Universal-3 Pro is a new class of speech language model built specifically for Voice AI applications. It represents the first promptable speech language model that allows users to control transcription using instructions and domain context like names, terminology, and topics to get accurate output directly at the source.
The model provides full control through prompting, allowing users to give context about names, terminology, topics, and format before processing audio. Key features include context-aware transcription, audio tagging capabilities, verbatim mode for capturing disfluencies, keyterms recognition for up to 1,000 domain terms, speaker role labeling, and 6-language code-switching support. It can capture fillers (um, uh, er, erm, ah, hmm, mhm, like, you know, I mean), repetitions (I I I, the the), restarts (I was- I went), stutters (th-that, b-but, no-not), and informal speech (gonna, wanna, gotta).

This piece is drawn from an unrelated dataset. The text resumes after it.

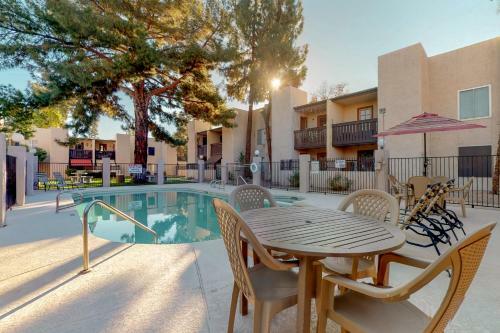 Apartamento Hamptons Villa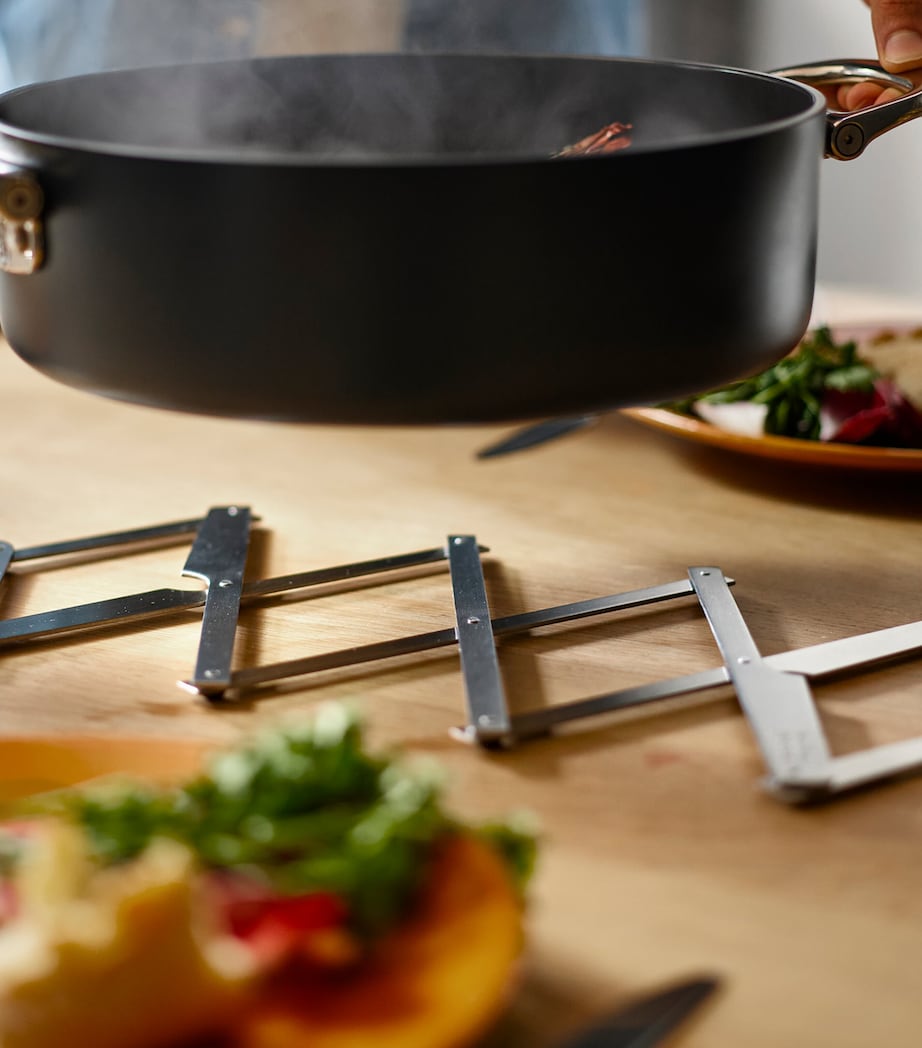 Joseph Joseph Space Stainless-Steel Trivet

The unique approach involves providing domain-specific accuracy without requiring custom models or post-processing pipelines. Users can describe their audio in plain language and get specialized outputs across various applications. The model adapts to accent patterns, audio quality, or background noise based on instructions provided.

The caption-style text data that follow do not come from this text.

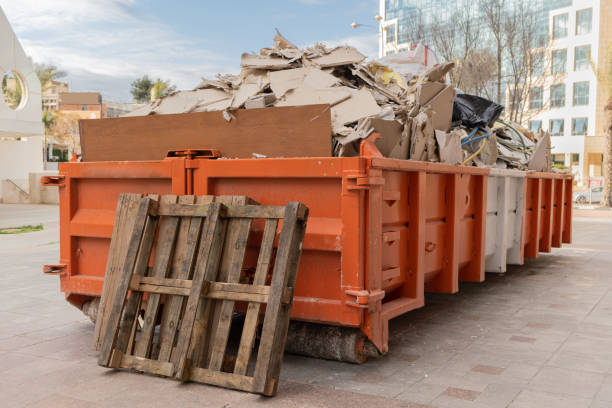 Best Attic Cleanout Services  in South Whittier, CA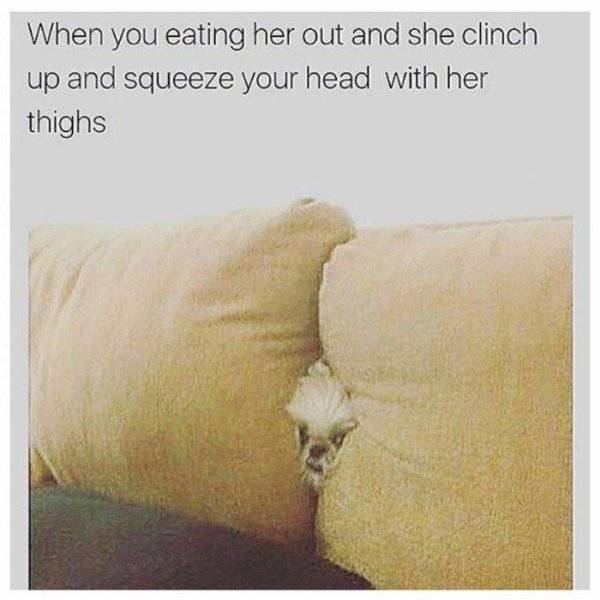 Everyone Likes NSFW Memes!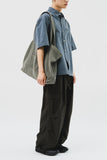 Jake String Cargo Pants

Benefits include getting pharmaceutical-grade accuracy immediately for medical conversations, seeing up to 45% fewer errors on specialized vocabulary, and capturing meaningful audio events like [beep] and [hold music] for better sentiment analysis. Use cases span medical history evaluations, legal records requiring verbatim accuracy, customer intelligence applications, and business meeting summaries.

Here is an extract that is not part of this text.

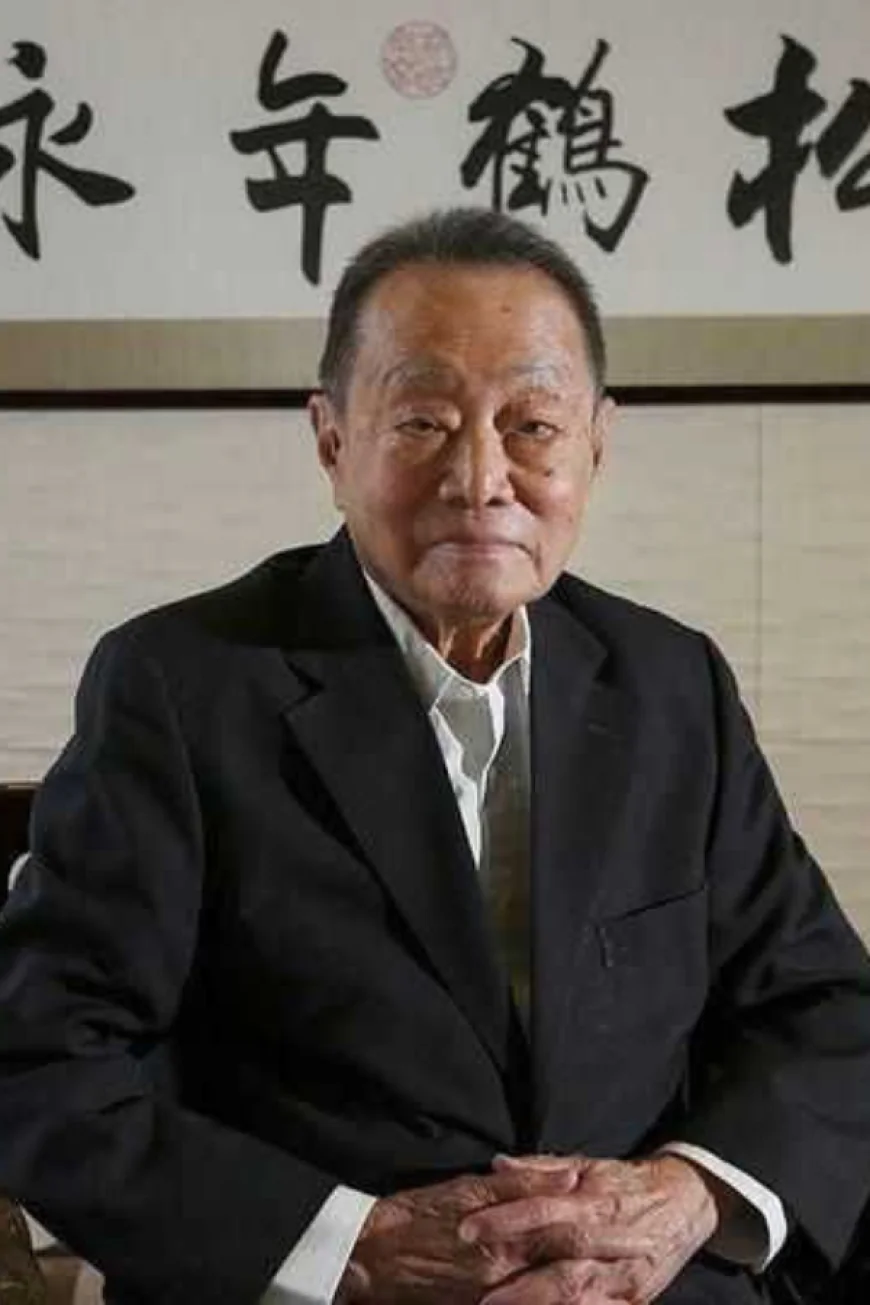 Robert Kuok Net Worth, Relationships, Age/Birthdate & Birthday Facts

The product targets developers building Voice AI applications across medical, legal, customer intelligence, and business domains. It integrates as part of AssemblyAI's complete Voice AI platform and offers predictable usage-based pricing at $0.21 per hour.
admin
Universal-3 Pro targets developers building Voice AI applications across medical, legal, customer intelligence, and business domains. It serves organizations needing specialized transcription accuracy for pharmaceutical conversations, legal proceedings, customer service analysis, and business meeting documentation. The platform is designed for companies requiring domain-specific transcription without custom model development.